(Beginning of INPUT RECORDS)

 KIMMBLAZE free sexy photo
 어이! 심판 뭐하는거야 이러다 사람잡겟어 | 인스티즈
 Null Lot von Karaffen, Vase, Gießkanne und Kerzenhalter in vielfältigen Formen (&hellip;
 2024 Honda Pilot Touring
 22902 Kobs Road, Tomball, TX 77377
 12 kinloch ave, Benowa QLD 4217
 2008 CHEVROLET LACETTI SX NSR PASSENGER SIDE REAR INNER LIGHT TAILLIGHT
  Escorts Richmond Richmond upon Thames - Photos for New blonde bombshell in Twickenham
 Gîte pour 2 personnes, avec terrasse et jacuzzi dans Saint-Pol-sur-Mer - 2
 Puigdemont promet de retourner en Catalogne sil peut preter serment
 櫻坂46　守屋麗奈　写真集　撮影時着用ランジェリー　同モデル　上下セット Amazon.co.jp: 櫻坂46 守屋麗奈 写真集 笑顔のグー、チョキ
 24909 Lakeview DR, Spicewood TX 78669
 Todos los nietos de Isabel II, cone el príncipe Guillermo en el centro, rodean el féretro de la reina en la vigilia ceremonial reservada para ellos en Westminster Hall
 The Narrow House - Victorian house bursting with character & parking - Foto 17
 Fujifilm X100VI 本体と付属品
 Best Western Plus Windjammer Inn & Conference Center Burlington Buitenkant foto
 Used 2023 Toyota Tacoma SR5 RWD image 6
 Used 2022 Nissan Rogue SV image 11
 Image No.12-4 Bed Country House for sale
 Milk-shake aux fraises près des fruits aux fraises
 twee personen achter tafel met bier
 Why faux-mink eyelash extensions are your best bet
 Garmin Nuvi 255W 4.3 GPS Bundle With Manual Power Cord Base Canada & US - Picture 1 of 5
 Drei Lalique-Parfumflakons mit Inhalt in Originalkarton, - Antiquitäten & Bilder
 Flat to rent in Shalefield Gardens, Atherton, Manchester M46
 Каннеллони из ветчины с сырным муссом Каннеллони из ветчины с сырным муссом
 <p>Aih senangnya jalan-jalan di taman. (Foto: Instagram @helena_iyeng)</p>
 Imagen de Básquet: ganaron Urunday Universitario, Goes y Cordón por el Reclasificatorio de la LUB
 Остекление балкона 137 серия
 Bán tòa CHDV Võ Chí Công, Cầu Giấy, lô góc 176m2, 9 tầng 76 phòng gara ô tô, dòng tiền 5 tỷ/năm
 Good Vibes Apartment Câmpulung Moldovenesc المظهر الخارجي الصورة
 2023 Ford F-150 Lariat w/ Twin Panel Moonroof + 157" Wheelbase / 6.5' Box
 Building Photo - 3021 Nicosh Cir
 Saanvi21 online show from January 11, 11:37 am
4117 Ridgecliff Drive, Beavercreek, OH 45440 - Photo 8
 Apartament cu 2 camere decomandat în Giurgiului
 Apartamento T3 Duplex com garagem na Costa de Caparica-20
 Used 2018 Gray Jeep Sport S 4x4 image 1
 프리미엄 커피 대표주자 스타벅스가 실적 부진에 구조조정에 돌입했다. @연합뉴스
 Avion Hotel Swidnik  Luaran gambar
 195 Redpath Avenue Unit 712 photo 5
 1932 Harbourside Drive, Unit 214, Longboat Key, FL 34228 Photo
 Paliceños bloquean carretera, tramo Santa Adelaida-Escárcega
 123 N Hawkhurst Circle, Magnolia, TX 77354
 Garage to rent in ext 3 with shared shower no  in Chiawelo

(End of INPUT RECORDS)

# EXERCISE AIM
Write the records out again so that each one matches the original exactly.

# WRITTEN ANSWER
 KIMMBLAZE free sexy photo
 어이! 심판 뭐하는거야 이러다 사람잡겟어 | 인스티즈
 Null Lot von Karaffen, Vase, Gießkanne und Kerzenhalter in vielfältigen Formen (&hellip;
 2024 Honda Pilot Touring
 22902 Kobs Road, Tomball, TX 77377
 12 kinloch ave, Benowa QLD 4217
 2008 CHEVROLET LACETTI SX NSR PASSENGER SIDE REAR INNER LIGHT TAILLIGHT
  Escorts Richmond Richmond upon Thames - Photos for New blonde bombshell in Twickenham
 Gîte pour 2 personnes, avec terrasse et jacuzzi dans Saint-Pol-sur-Mer - 2
 Puigdemont promet de retourner en Catalogne sil peut preter serment
 櫻坂46　守屋麗奈　写真集　撮影時着用ランジェリー　同モデル　上下セット Amazon.co.jp: 櫻坂46 守屋麗奈 写真集 笑顔のグー、チョキ
 24909 Lakeview DR, Spicewood TX 78669
 Todos los nietos de Isabel II, cone el príncipe Guillermo en el centro, rodean el féretro de la reina en la vigilia ceremonial reservada para ellos en Westminster Hall
 The Narrow House - Victorian house bursting with character & parking - Foto 17
 Fujifilm X100VI 本体と付属品
 Best Western Plus Windjammer Inn & Conference Center Burlington Buitenkant foto
 Used 2023 Toyota Tacoma SR5 RWD image 6
 Used 2022 Nissan Rogue SV image 11
 Image No.12-4 Bed Country House for sale
 Milk-shake aux fraises près des fruits aux fraises
 twee personen achter tafel met bier
 Why faux-mink eyelash extensions are your best bet
 Garmin Nuvi 255W 4.3 GPS Bundle With Manual Power Cord Base Canada & US - Picture 1 of 5
 Drei Lalique-Parfumflakons mit Inhalt in Originalkarton, - Antiquitäten & Bilder
 Flat to rent in Shalefield Gardens, Atherton, Manchester M46
 Каннеллони из ветчины с сырным муссом Каннеллони из ветчины с сырным муссом
 <p>Aih senangnya jalan-jalan di taman. (Foto: Instagram @helena_iyeng)</p>
 Imagen de Básquet: ganaron Urunday Universitario, Goes y Cordón por el Reclasificatorio de la LUB
 Остекление балкона 137 серия
 Bán tòa CHDV Võ Chí Công, Cầu Giấy, lô góc 176m2, 9 tầng 76 phòng gara ô tô, dòng tiền 5 tỷ/năm
 Good Vibes Apartment Câmpulung Moldovenesc المظهر الخارجي الصورة
 2023 Ford F-150 Lariat w/ Twin Panel Moonroof + 157" Wheelbase / 6.5' Box
 Building Photo - 3021 Nicosh Cir
 Saanvi21 online show from January 11, 11:37 am
4117 Ridgecliff Drive, Beavercreek, OH 45440 - Photo 8
 Apartament cu 2 camere decomandat în Giurgiului
 Apartamento T3 Duplex com garagem na Costa de Caparica-20
 Used 2018 Gray Jeep Sport S 4x4 image 1
 프리미엄 커피 대표주자 스타벅스가 실적 부진에 구조조정에 돌입했다. @연합뉴스
 Avion Hotel Swidnik  Luaran gambar
 195 Redpath Avenue Unit 712 photo 5
 1932 Harbourside Drive, Unit 214, Longboat Key, FL 34228 Photo
 Paliceños bloquean carretera, tramo Santa Adelaida-Escárcega
 123 N Hawkhurst Circle, Magnolia, TX 77354
 Garage to rent in ext 3 with shared shower no  in Chiawelo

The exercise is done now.